When modifying specific areas, run at least the corresponding tests:
-
Caching / compression / infra:
- tests/test_compression.py
- tests/test_sqlitelock.py
-
Feed parsing, titles, deduplication:
- tests/test_extract_titles.py
- tests/test_dedup.py
-
Forms and input handling:
- tests/test_forms.py
-
Browser / scraper behavior:
- tests/test_browser_switch.py
- tests/playwright_test.py
- tests/playwright_simple_test.py
- tests/selenium_test.py
-
Tor / network behavior:
- tests/tortest.py
Note:
- Additional benchmark scripts exist under tests/ for historical performance experiments. They are optional and not part of the normal regression suite.

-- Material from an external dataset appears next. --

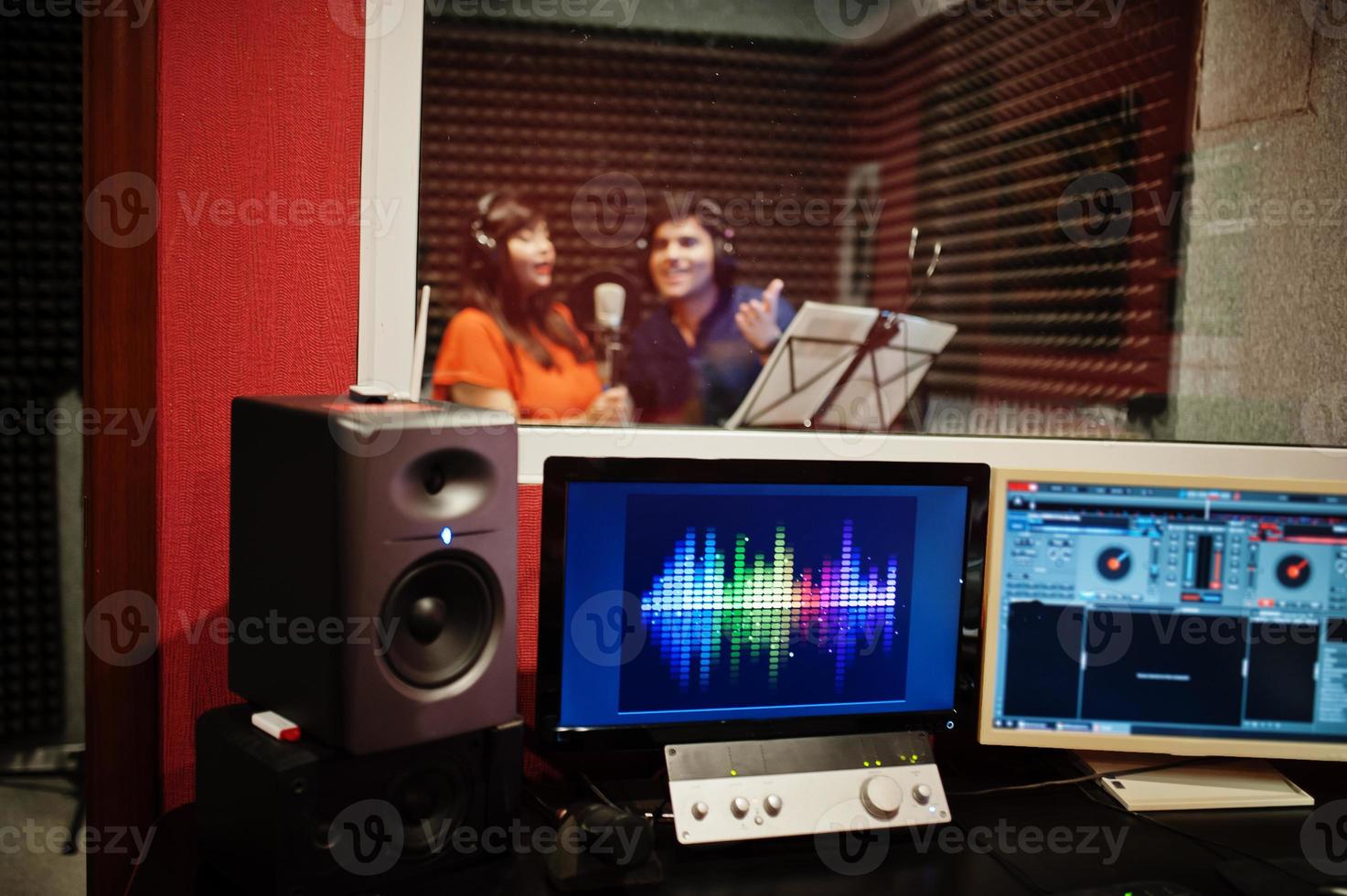 Young asian duet singers with microphone recording song in record music studio. photo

- Use caching correctly before optimizing elsewhere.
- Keep I/O-bound work in workers/thread pools rather than blocking request handlers.
- Leverage existing minified/bundled assets in production.
- Respect rate limiting and avoid adding unbounded per-request work.
- Cache/db:
- Verify cache.db exists and is writable.
- Confirm cache keys and TTLs are sane when debugging stale/fresh data.
- Feeds:
- Check network/SSL.
- Verify related *_report_settings.py and custom_site_handlers.py entries.
- Inspect workers and Tor/Selenium configuration for special sites.
- Assets:
- Ensure bundling runs; check console/network for 404s or JS errors.
- Auth:
- Confirm config.yaml credentials.
- Verify Flask-Login wiring and protected routes.
Do:
- Use existing caching infrastructure and helpers.
- Follow the modular route pattern for new features.
- Keep behavior configuration-driven (config.yaml, *_report_settings.py).
- Use type hints and match existing style/patterns.
- Add or update tests for non-trivial changes.
Avoid:
- Bypassing caches on hot paths.
- Hardcoding config, secrets, or environment-specific values.
- Editing generated static/ assets directly.
- Creating circular imports.
- Shipping credentials, tokens, or private keys in the repo.
- Create a Reddit "script" app in your Reddit preferences.
- Set redirect URI to a URL handled by /reddit/callback (see routes.py); this route is cosmetic.
- On the server, run Reddit.py once:
- Provide client_id, client_secret, username, password.
- It writes reddit_token.json (mode 0600) with tokens.
- Toggle:
- ENABLE_REDDIT_API_FETCH in shared.py.
- False: legacy Tor/Selenium/RSS pipeline.
- True: Reddit API via Reddit.py + workers.py.
- ENABLE_REDDIT_API_FETCH in shared.py.
- Never commit reddit_token.json or credentials.
If present in the repo/deploy environment, see:
- README.md: setup and high-level overview.
- Caching.md: deeper caching internals.
- README_object_storage_sync.md: CDN/object storage sync configuration.
- PWA.md, Scaling.md, ROADMAP.md: advanced deployment and roadmap details.
- httpd-vhosts-sample.conf: sample Apache deployment.
External references:
- Flask, Jinja2, PEP 8, Flask-Assets, Diskcache docs for library specifics.